Short descriptive text snippets
____________________

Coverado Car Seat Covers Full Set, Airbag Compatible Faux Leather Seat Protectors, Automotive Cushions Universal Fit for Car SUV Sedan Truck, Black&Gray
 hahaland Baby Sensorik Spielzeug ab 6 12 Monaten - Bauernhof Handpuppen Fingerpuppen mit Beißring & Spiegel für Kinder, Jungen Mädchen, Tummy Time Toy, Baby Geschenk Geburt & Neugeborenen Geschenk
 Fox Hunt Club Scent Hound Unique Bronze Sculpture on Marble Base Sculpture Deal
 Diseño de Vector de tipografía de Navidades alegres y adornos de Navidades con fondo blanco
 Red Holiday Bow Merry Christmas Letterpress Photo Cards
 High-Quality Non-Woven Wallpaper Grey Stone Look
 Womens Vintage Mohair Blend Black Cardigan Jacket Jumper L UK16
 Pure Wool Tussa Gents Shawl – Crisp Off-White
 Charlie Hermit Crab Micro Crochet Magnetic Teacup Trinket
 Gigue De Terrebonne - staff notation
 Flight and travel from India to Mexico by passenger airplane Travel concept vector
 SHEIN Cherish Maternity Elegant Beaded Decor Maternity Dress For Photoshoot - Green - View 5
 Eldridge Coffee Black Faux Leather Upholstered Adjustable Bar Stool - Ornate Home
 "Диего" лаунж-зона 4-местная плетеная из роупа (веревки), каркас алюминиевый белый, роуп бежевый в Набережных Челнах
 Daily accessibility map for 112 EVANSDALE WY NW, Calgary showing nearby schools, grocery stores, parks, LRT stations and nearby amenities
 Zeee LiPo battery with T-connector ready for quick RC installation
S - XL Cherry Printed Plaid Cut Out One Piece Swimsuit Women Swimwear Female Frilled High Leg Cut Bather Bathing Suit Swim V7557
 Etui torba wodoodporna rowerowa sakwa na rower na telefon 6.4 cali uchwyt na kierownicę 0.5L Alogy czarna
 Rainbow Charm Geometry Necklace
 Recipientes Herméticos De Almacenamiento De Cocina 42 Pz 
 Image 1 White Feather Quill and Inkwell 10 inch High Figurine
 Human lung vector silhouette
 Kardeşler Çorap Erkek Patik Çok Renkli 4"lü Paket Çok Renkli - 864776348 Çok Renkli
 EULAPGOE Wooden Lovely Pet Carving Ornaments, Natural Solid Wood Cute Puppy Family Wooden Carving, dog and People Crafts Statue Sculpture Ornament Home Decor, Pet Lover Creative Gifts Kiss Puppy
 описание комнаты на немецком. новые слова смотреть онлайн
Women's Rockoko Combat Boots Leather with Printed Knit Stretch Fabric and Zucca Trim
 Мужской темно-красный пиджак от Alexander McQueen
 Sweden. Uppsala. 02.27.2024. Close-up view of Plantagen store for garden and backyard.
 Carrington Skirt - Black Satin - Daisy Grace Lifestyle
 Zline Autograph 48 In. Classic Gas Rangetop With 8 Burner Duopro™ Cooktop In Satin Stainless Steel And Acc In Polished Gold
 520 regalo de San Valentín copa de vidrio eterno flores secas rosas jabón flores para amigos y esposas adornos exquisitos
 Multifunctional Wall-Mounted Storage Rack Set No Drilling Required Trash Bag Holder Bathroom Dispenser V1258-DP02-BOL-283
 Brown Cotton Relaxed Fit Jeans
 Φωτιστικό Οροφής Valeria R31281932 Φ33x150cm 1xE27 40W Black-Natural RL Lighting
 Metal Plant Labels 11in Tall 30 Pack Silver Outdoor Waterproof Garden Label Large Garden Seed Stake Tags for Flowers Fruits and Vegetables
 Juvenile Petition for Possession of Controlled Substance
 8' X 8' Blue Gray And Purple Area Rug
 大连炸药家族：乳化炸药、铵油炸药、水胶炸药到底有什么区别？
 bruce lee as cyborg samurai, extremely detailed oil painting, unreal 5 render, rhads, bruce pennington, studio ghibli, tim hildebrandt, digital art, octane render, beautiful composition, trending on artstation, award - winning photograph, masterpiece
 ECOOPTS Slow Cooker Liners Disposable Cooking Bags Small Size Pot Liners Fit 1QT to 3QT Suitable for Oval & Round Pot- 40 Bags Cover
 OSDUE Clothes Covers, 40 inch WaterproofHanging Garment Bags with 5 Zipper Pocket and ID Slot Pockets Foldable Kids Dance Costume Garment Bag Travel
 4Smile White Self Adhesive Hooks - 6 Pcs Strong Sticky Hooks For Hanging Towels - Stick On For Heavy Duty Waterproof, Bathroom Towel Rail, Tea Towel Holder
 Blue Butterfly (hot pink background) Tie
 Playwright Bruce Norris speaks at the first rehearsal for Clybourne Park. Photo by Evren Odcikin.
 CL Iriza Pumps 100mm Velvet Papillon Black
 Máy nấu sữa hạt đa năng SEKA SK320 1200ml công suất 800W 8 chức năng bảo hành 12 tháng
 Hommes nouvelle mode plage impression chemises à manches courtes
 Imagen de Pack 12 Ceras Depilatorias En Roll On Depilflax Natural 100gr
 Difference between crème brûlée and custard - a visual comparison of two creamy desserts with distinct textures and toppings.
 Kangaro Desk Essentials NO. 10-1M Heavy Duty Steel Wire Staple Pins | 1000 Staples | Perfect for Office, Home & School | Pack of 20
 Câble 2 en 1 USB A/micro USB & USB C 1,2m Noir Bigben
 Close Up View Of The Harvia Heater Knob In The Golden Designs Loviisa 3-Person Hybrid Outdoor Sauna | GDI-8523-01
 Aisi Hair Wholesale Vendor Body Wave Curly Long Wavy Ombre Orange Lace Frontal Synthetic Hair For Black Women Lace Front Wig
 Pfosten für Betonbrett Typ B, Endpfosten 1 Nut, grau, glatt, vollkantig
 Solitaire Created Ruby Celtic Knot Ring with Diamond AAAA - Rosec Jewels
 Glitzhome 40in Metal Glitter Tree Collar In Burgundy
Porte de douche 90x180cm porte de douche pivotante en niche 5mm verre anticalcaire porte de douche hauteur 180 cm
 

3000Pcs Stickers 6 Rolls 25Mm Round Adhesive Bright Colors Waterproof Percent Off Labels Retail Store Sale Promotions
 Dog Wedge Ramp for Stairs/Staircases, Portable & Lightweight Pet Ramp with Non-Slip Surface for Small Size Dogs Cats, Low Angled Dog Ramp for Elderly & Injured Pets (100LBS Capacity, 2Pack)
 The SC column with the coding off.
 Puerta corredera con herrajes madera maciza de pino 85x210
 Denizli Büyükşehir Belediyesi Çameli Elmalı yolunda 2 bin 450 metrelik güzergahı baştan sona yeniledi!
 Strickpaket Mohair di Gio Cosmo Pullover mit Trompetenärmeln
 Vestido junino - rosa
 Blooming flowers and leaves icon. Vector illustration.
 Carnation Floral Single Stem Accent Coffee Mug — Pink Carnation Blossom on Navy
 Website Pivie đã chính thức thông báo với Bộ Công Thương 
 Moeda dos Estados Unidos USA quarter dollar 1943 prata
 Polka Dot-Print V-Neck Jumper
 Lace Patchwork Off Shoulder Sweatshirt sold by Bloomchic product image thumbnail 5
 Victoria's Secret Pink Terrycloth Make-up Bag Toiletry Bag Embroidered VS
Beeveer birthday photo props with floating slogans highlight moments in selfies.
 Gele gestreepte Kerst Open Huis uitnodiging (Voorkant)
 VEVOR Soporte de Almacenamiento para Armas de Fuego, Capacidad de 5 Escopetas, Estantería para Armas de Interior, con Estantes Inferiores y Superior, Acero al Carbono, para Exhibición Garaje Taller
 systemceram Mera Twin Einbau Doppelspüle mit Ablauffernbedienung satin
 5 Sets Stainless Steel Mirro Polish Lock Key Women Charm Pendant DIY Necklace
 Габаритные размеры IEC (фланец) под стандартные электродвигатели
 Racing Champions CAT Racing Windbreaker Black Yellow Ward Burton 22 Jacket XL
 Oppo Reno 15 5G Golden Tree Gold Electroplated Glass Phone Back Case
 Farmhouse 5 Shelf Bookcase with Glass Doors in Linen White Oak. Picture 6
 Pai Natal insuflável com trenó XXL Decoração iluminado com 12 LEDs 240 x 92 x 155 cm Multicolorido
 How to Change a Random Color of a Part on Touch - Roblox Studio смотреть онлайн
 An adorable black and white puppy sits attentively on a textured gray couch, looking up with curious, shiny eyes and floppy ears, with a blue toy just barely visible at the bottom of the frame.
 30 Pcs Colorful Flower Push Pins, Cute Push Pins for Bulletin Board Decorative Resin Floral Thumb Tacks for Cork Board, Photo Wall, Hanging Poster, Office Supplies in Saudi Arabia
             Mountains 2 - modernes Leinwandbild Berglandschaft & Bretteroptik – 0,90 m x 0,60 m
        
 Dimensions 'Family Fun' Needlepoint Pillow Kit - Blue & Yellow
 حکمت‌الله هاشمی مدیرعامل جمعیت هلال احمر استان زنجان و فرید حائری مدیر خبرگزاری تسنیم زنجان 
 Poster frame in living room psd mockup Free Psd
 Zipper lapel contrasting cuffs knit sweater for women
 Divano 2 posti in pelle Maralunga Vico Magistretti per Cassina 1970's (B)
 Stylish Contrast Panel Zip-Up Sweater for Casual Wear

____________________

▶ TASK GOAL: Report back each line of the entries that holds the string "inch".

▶ ANSWER SPACE:
 Image 1 White Feather Quill and Inkwell 10 inch High Figurine
 OSDUE Clothes Covers, 40 inch WaterproofHanging Garment Bags with 5 Zipper Pocket and ID Slot Pockets Foldable Kids Dance Costume Garment Bag Travel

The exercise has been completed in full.